NovelToon NovelToon
Restu Yang Ditarik Kembali

Restu Yang Ditarik Kembali

Status: tamat
Genre:Penyesalan Suami / Mengubah Takdir / Balas Dendam / Tamat
Popularitas:321.6k
Nilai: 5
Nama Author: blcak areng

Sepuluh tahun membina rumah tangga, Adila mengira restu mertua adalah pelindung abadi bagi cintanya dan Revan. Namun, segalanya runtuh saat Meisya sahabat masa lalu Revan hadir membawa janin di rahimnya karena suaminya meninggal.

​Tiba-tiba, pengorbanan Adila sebagai istri sekaligus calon dokter yang mandiri justru menjadi senjata untuk memojokkannya. Karena dianggap mampu berdiri sendiri, Adila dipaksa mengalah. Revan mulai membagi perhatian, waktu, hingga nafkah bulanan demi menjaga Meisya yang dianggap lebih rapuh.

​Hati Adila hancur saat melihat Revan membelai perut wanita lain dengan kasih sayang yang seharusnya menjadi miliknya. Ketika restu itu ditarik kembali dan posisinya sebagai istri perlahan dijandakan di rumah sendiri, masihkah ada alasan bagi Adila untuk bertahan? Ataukah gelar dokter yang ia kejar akan menjadi jalan baginya untuk melangkah pergi dan meninggalkan pengkhianatan ini?

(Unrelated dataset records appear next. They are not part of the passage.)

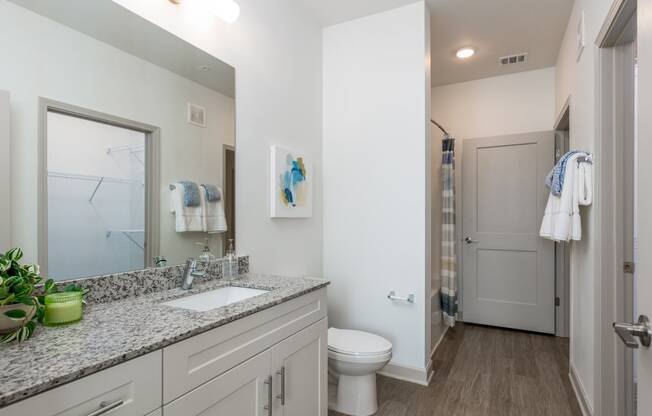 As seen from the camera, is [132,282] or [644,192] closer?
[644,192]

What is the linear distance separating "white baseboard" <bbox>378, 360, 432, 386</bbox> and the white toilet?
394mm

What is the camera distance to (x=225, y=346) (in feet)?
3.81

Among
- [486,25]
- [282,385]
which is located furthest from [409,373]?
[486,25]

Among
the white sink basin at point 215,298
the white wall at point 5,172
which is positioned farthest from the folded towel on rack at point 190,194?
the white wall at point 5,172

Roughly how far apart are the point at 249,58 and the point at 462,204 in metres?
2.72

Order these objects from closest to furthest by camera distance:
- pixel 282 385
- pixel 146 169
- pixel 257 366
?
pixel 257 366, pixel 282 385, pixel 146 169

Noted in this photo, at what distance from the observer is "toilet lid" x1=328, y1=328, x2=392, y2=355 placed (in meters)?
2.01

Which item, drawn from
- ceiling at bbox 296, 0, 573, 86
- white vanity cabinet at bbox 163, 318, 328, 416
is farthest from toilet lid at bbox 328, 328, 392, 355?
ceiling at bbox 296, 0, 573, 86

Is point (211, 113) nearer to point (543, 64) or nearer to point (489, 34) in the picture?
point (489, 34)

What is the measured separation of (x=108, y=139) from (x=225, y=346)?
3.04 feet

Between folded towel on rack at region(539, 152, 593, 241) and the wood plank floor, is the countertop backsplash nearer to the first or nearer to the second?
the wood plank floor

Karya ini diterbitkan atas izin NovelToon blcak areng, isi konten hanyalah pandangan pribadi pembuatnya, tidak mewakili NovelToon sendiri

Restu Yang Ditarik Kembali

​Lampu-lampu jalanan mulai menyala, membiaskan cahaya jingga di atas aspal yang masih basah. Adila mengendarai mobilnya dengan perlahan memasuki kompleks perumahan elite tempat ia tinggal. Kepalanya berdenyut, efek dari tekanan pekerjaan di rumah sakit dan beban pikiran yang tak kunjung usai. Ia sempat ragu untuk pulang, namun ia sadar, melarikan diri bukanlah gaya seorang Adila. Ia harus menghadapi Revan, ia harus menegaskan posisinya.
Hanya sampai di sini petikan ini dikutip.